In addition to this, visits and interviews in the villages showed that decisions had to be taken in groups, so we wanted to give priority to a collaborative tool.

Finally, in line with its values, The Ink Link wanted a tool that would enable empowerment - in this case, giving people the keys to understanding the subject and enabling them to make choices for themselves.

To create the tool, we brought in Rémi Leroy, an artist who has lived in Africa for several years and knows the landscapes and cultures very well. His realistic style was also attractive to the people of Vélingara.

The tool created is animated locally by community agents.
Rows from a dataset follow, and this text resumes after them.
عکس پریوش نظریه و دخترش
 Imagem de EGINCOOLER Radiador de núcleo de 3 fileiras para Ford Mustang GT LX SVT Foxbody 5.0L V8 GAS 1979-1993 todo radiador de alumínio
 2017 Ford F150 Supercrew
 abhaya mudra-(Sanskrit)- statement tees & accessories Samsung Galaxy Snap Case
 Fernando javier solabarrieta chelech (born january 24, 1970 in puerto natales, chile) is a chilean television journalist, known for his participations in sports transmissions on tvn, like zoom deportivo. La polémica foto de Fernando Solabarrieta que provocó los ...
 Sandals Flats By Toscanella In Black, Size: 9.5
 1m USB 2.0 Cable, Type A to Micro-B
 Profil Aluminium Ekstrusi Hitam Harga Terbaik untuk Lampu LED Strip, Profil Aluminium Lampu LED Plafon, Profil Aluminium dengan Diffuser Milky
A group of villagers is brought together, and four of them receive :

  • A scenario booklet: each booklet is different and covers the different stages of an agricultural season;
  • A sum of money in counterfeit paper bills: to enable them to virtually buy the inputs they need for the agricultural season;
  • Tokens representing their health capital: the more you have, the healthier you are.

After explaining the rules, the host asks the four virtual farmers to look at the first page of their booklet. Each step is the same for everyone (find seeds/prepare your field/plant...), but with different options, more or less consuming chemical inputs.
They have to solve the actions:

  • Pay if necessary to buy inputs,
  • Lose health tokens if necessary,
  • Gain hardship tokens if necessary. We felt it was important to take this dimension into account. Cultivating a field organically is more laborious (weeding by hand instead of using herbicides, preparing homemade fertilizer, etc.).

At the end of the activity (the end of the farming season), each participant finds himself with a very different account of money, hardship tokens and health tokens.

The facilitator then launches a debate so that everyone can react to what they have observed, including the other villagers who were observers. Then he broadens the debate: "What is the most harmful thing to health that you could avoid? What would you be prepared to implement next season? Who would be willing to commit to this?"

This final discussion is a crucial element of the activity and may require a little training for the animators.

This activity can be paired with other technical activities on agricultural practices.